AHA - American Hospital Association

04/12/2024 | News release | Distributed by Public on 04/12/2024 12:34

AHA Comments on CMS Proposal on Accrediting Organization Oversight

April 12, 2024

The Honorable Chiquita Brooks-LaSure
Administrator
Centers for Medicare & Medicaid Services
Hubert H. Humphrey Building
200 Independence Avenue, S.W.
Room 445-G
Washington, DC 20201

RE: Strengthening Oversight of Accrediting Organizations (AOs) and Preventing AO Conflict of Interest, and Related Provisions, CMS-3367-P, Feb. 15, 2024

Dear Administrator Brooks-LaSure:

On behalf of our nearly 5,000 member hospitals, health systems and other health care organizations, our clinician partners - including more than 270,000 affiliated physicians, 2 million nurses and other caregivers - and the 43,000 health care leaders who belong to our professional membership groups, the American Hospital Association (AHA) appreciates the opportunity to comment on CMS' proposals to strengthen the agency's oversight of accrediting organizations (AOs).
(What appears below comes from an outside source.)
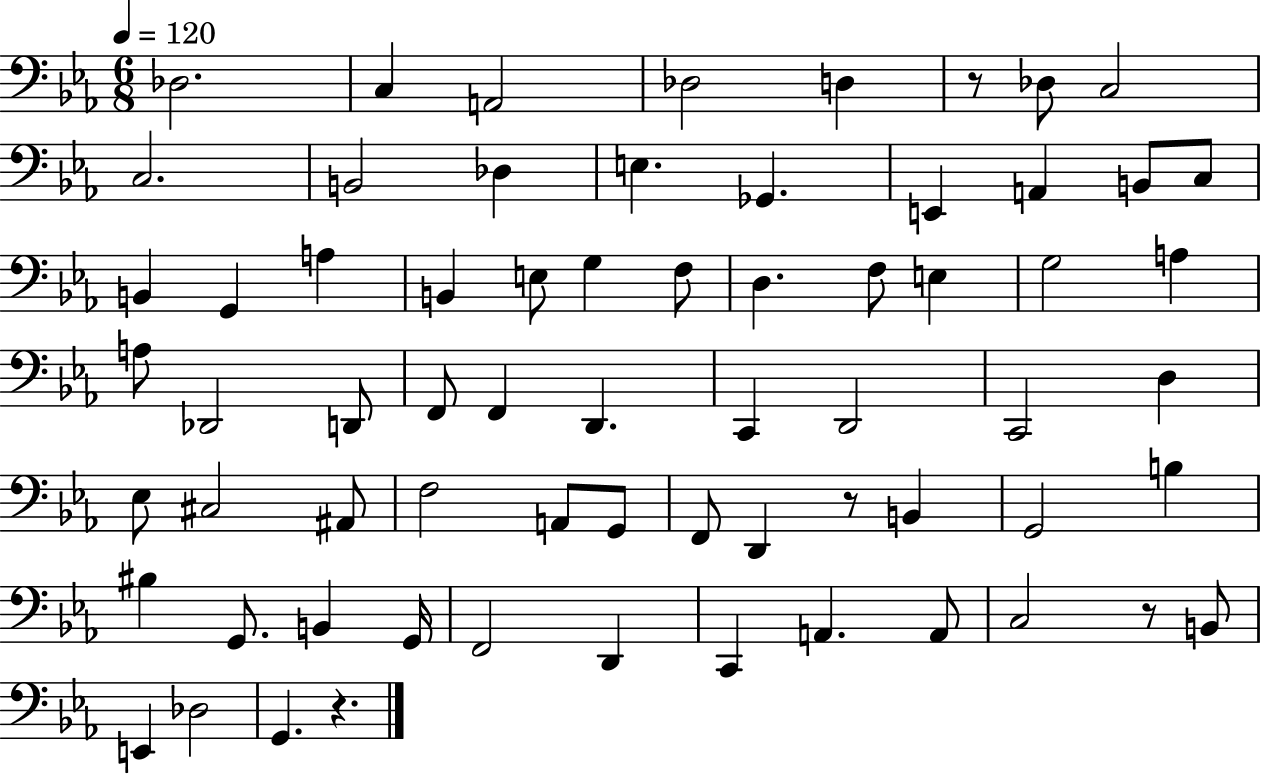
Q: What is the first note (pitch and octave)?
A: Db3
AOs have a long-established role in allowing hospitals and other providers to demonstrate both their compliance with Medicare's health and safety standards and their commitment to delivering high quality, safe and equitable care. While hospital accreditation is not required, most hospitals and health systems work with AOs because their standards often exceed CMS' and can evolve more nimbly to reflect rapid changes in clinical practice. Given that AOs are entrusted by law with ensuring accredited providers meet Medicare's Conditions of Participation (CoPs) and Conditions for Coverage (CfCs), we agree with CMS' stated goals of ensuring AOs conduct their work in a consistent, rigorous and unbiased manner.

The AHA supports several of CMS' proposed policy changes that would help advance these stated goals, such as requiring AOs to use CoPs and CfCs as their minimum accreditation standards, and to provide an explicit crosswalk of their standards with relevant Medicare regulations. However, the AHA is concerned that some of CMS' proposed changes are needlessly punitive to hospitals and other providers.

Furthermore, while we appreciate CMS attempting to foster stronger alignment between AOs' work and the agency's standards, state survey agencies also conduct important - and sometimes overlapping - oversight work on CMS' behalf. For this reason, we urge CMS to ensure that hospitals and other providers do not face redundant federal standards oversight activity from state surveyors and AOs.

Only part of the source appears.